Ao contrário do que pregam os reacionários, não estivemos nada perto da perspectiva socialista nos governos petistas. Para o PSOL e PCdoB, o socialismo é, no máximo, uma palavra bonita ao vento, que alguns dirigentes falam quando é conveniente; para o PT, nem isso. Para nós, é a diferença entre viver com dignidade ou morrer trabalhando, morrer esquecido, morrer sem ter vivido. Para eles, o que está em jogo é um cargo novo, um aparelho para se reeleger.
Como não temos nem queremos nenhum rabo preso com o Estado, com grandes empresários ou seus partidos, e nem com as instituições dessa falsa “democracia” que só serve aos ricos, falamos o verdadeiro caminho para os trabalhadores: organização de autodefesas coletivas para se defender da violência e dos abusos policiais; dissolução das forças policiais de repressão; criação de comissões especiais para julgar os crimes de juízes, da polícia e de políticos, e para puni-los exemplarmente; nenhum reconhecimento de legitimidade de Bolsonaro ou seus auxiliares; tomada sem indenização das grandes empresas, bancos e fazendas, a serem controladas pelos trabalhadores; transformação de prédios e apartamentos sem uso em moradias populares; cancelamento das dívidas dos trabalhadores com os bancos até determinado valor; que as grandes empresas, uma vez nas mãos dos trabalhadores, treinem e contratem até acabar o desemprego; instituição de um salário mínimo realmente capaz de suprir as necessidades do trabalhador; igualdade salarial e de direitos independente de gênero ou etnia para os mesmos trabalhos realizados; ampla construção de creches, restaurantes e lavanderias públicas para tirar o trabalho doméstico das costas das mulheres; cancelamento imediato de todas as “reformas” que tiraram direitos e investimentos sociais; estabelecimento de um governo de trabalhadores, baseado nas nossas organizações de luta, para a execução dessas medidas.
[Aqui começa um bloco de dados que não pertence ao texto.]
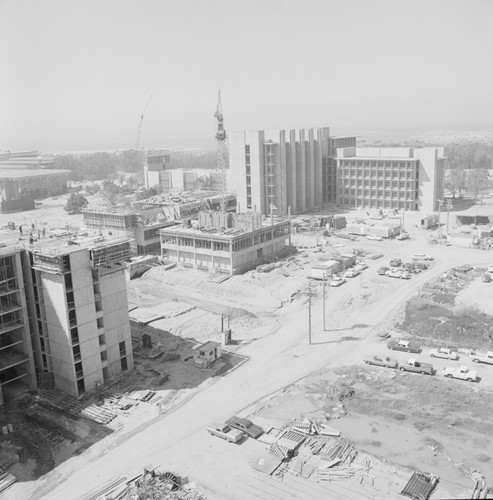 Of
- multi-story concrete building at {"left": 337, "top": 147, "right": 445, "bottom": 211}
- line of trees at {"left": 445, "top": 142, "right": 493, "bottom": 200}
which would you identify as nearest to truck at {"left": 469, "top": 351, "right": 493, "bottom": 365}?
multi-story concrete building at {"left": 337, "top": 147, "right": 445, "bottom": 211}

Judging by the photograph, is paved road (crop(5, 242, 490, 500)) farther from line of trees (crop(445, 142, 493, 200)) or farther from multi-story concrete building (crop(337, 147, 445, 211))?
line of trees (crop(445, 142, 493, 200))

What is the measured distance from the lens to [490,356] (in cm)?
3288

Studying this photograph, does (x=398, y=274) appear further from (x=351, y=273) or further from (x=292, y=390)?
(x=292, y=390)

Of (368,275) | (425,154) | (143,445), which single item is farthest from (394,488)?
(425,154)

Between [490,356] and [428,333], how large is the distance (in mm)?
5179

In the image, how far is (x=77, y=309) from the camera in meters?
30.0

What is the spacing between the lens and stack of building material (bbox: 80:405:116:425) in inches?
1087

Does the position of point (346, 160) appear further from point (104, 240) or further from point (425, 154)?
point (104, 240)

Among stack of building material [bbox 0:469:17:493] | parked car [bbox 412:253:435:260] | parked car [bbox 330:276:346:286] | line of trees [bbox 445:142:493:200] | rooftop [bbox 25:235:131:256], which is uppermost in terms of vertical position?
rooftop [bbox 25:235:131:256]

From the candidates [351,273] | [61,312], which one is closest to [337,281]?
[351,273]

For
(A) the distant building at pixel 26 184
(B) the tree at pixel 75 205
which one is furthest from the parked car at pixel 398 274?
(A) the distant building at pixel 26 184

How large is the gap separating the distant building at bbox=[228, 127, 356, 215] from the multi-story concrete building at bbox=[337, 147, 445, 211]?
379 cm

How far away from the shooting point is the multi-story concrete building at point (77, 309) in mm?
29641

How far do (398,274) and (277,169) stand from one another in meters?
35.0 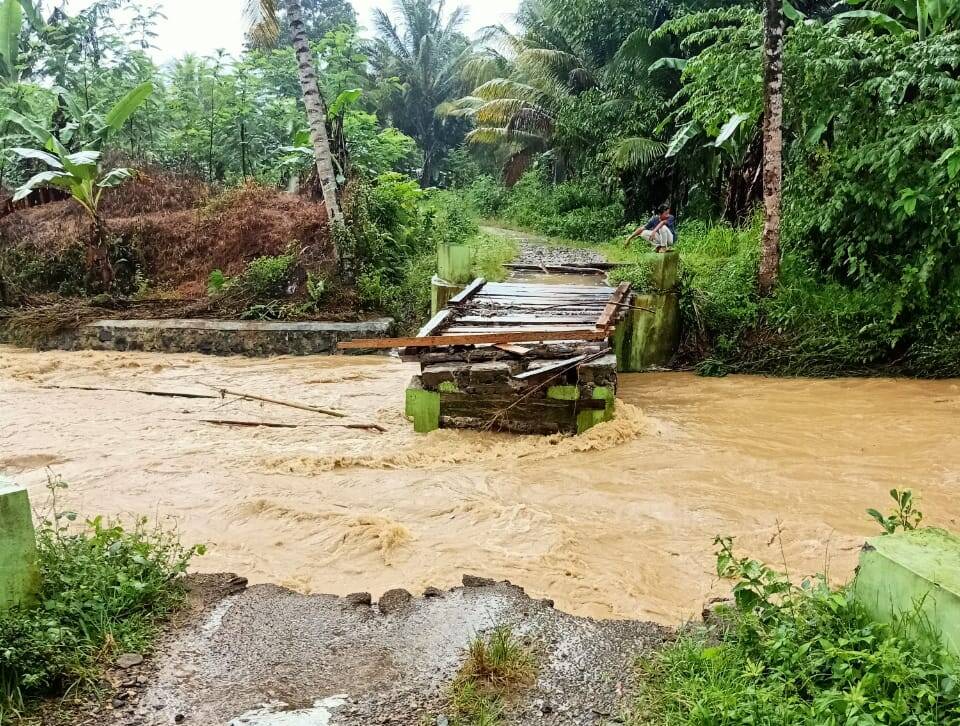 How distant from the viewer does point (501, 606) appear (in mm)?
3758

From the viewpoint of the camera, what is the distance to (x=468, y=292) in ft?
31.0

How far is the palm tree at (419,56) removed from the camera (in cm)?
2959

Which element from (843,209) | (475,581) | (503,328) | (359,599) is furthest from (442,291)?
(359,599)

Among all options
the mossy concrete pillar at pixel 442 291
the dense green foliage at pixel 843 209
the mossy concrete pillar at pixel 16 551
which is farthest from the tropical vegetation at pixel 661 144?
the mossy concrete pillar at pixel 16 551

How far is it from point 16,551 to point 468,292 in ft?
22.0

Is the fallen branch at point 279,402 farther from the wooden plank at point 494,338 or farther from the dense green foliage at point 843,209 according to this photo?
the dense green foliage at point 843,209

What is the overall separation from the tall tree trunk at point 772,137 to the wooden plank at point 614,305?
78.5 inches

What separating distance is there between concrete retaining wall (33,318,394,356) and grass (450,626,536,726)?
27.6 ft

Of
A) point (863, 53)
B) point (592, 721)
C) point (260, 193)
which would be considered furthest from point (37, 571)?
point (260, 193)

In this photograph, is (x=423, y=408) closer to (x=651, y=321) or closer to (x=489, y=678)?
(x=651, y=321)

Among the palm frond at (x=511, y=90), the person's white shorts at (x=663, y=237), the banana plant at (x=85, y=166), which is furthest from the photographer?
the palm frond at (x=511, y=90)

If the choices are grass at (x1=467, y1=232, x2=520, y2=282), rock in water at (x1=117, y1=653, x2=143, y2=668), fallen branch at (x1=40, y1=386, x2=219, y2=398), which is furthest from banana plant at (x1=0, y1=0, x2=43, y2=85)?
rock in water at (x1=117, y1=653, x2=143, y2=668)

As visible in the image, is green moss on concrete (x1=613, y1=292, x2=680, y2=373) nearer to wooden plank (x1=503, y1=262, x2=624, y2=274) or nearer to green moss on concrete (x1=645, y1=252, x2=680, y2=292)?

Trabalhador, organize-se e lute! Procure em seu bairro, escola, trabalho ou universidade por um comitê de luta e participe dele. Se não existir, tente construí-lo. Cobre do seu sindicato uma reunião aberta para debater um plano de lutas. Reúna-se com seus vizinhos. Está na hora de fazer greve, piquete, manifestação, bloqueio de rodovia, ocupação, assembleia em praças e empresas, enfim, na hora parar o país. Cobremos dos movimentos sociais a construção de uma frente de lutas para articular a resistência contra os ataques de Bolsonaro e dos capitalistas. Façamos a democracia de verdade, a nossa própria organização enquanto trabalhadores. Construamos um partido socialista de verdade, revolucionário, para pôr abaixo toda essa podridão e construir um mundo radicalmente novo!